**TASK INPUT**
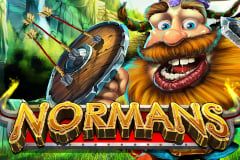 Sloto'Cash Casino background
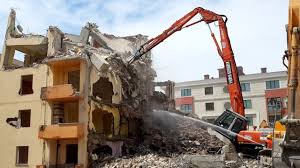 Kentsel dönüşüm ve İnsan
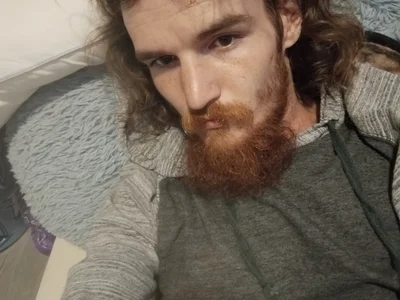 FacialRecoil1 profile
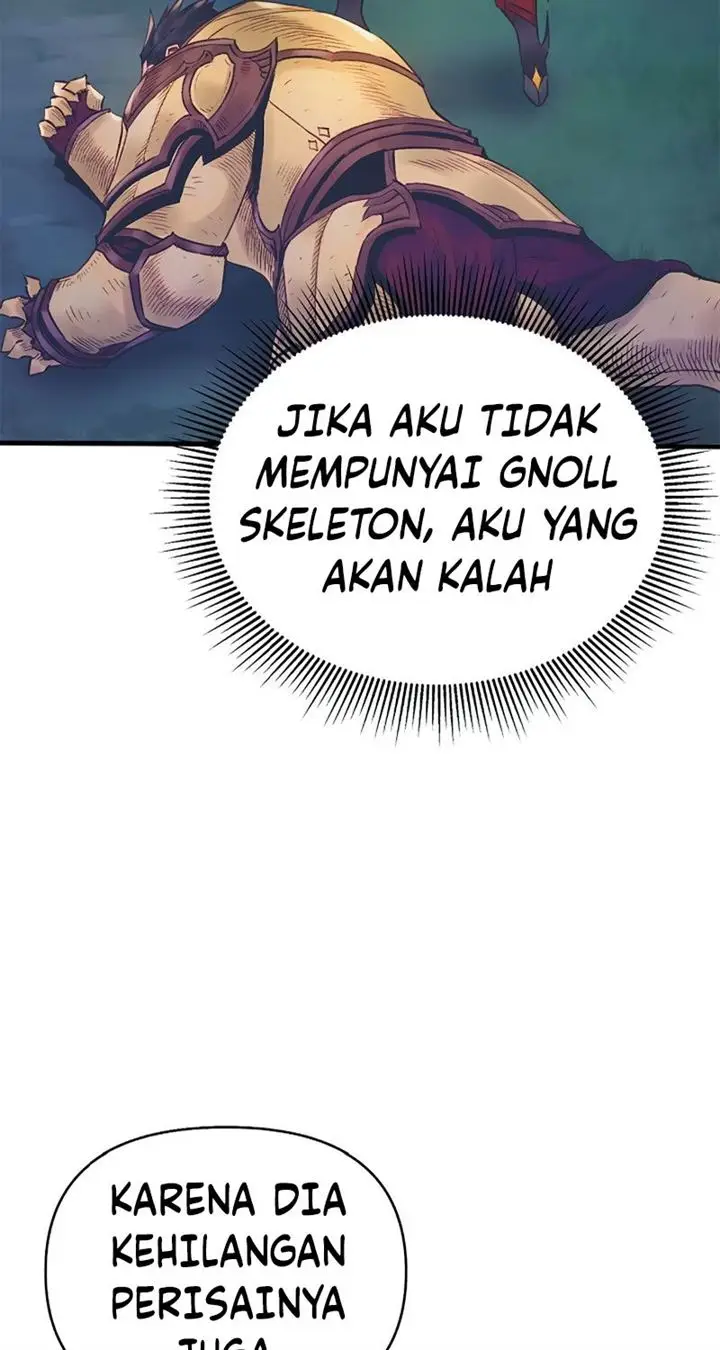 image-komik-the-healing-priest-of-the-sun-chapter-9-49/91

...

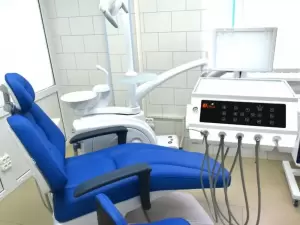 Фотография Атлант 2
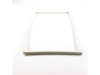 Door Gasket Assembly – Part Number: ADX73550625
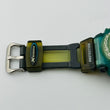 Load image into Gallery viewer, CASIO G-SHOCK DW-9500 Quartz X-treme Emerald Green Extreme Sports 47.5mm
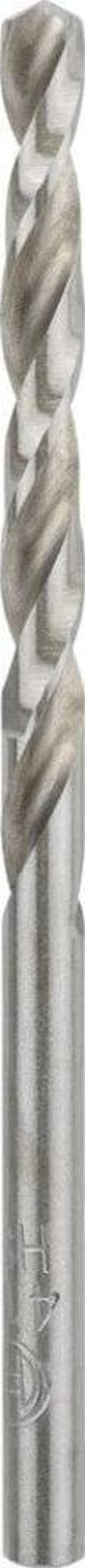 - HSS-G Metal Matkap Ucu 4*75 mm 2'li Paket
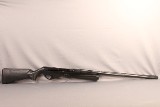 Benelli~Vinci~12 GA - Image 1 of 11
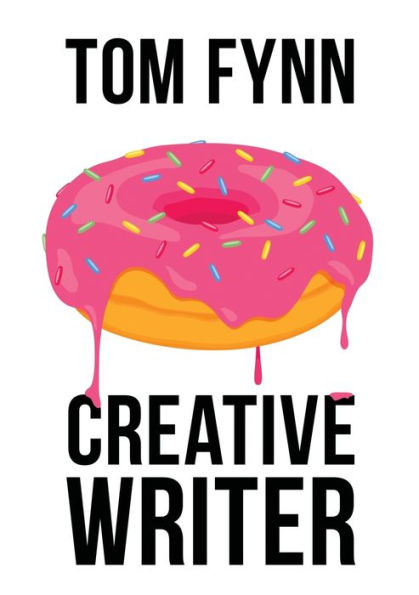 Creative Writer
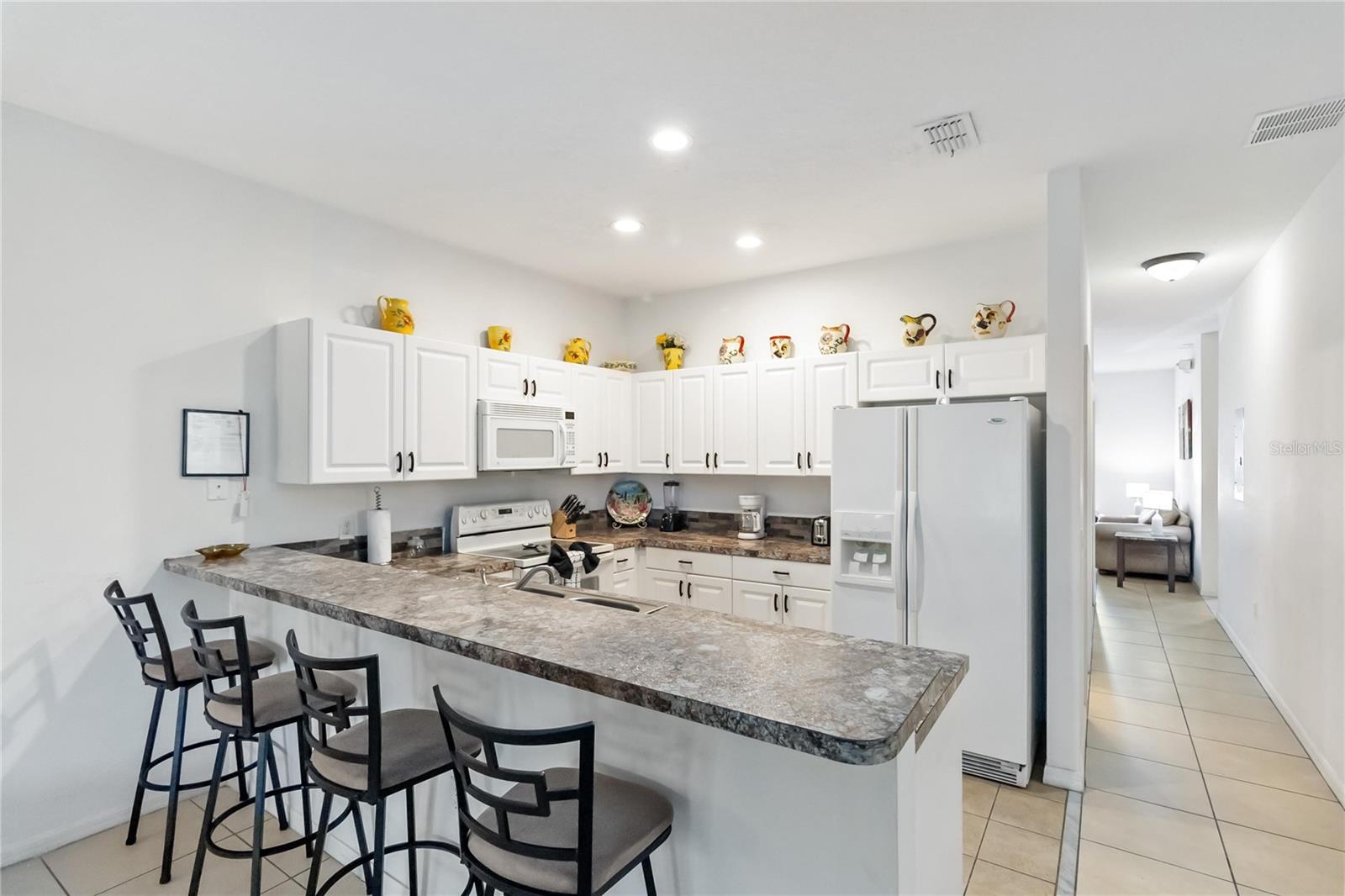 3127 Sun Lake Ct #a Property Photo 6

...

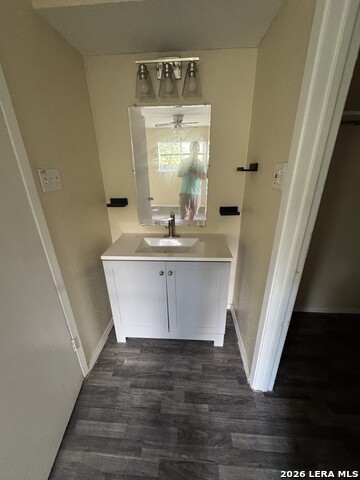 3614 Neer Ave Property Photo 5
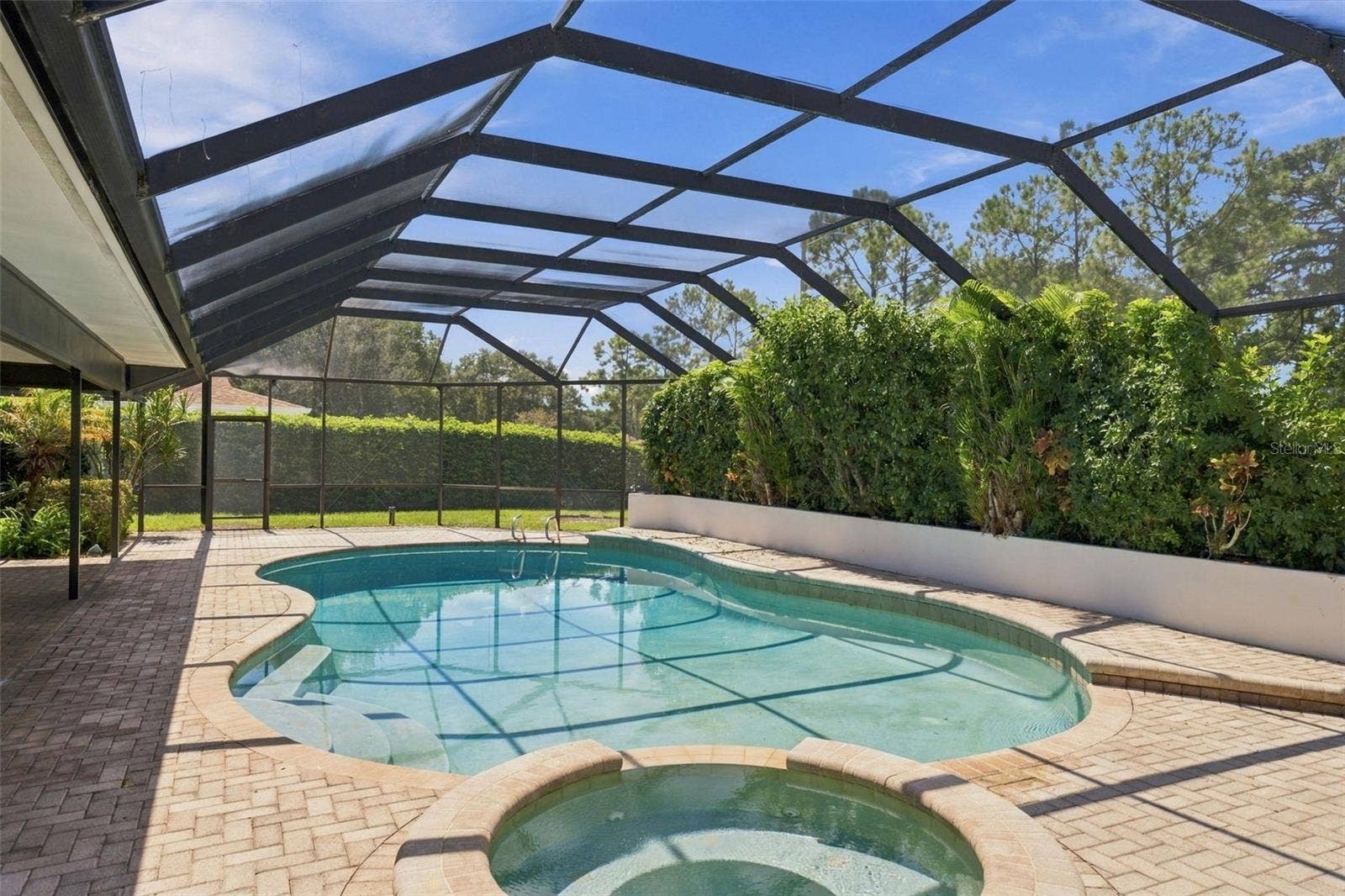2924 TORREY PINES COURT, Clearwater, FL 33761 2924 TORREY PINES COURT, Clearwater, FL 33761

**WORK TO COMPLETE**
With pictures omitted, repeat the entries above word for word from the line holding "Sloto'Cash Casino background" down to the line holding "image-komik-the-healing-priest-of-the-sun-chapter-9-49/91", keeping both of those lines.

**WRITTEN ANSWER**
 Sloto'Cash Casino background
 Kentsel dönüşüm ve İnsan
 FacialRecoil1 profile
 image-komik-the-healing-priest-of-the-sun-chapter-9-49/91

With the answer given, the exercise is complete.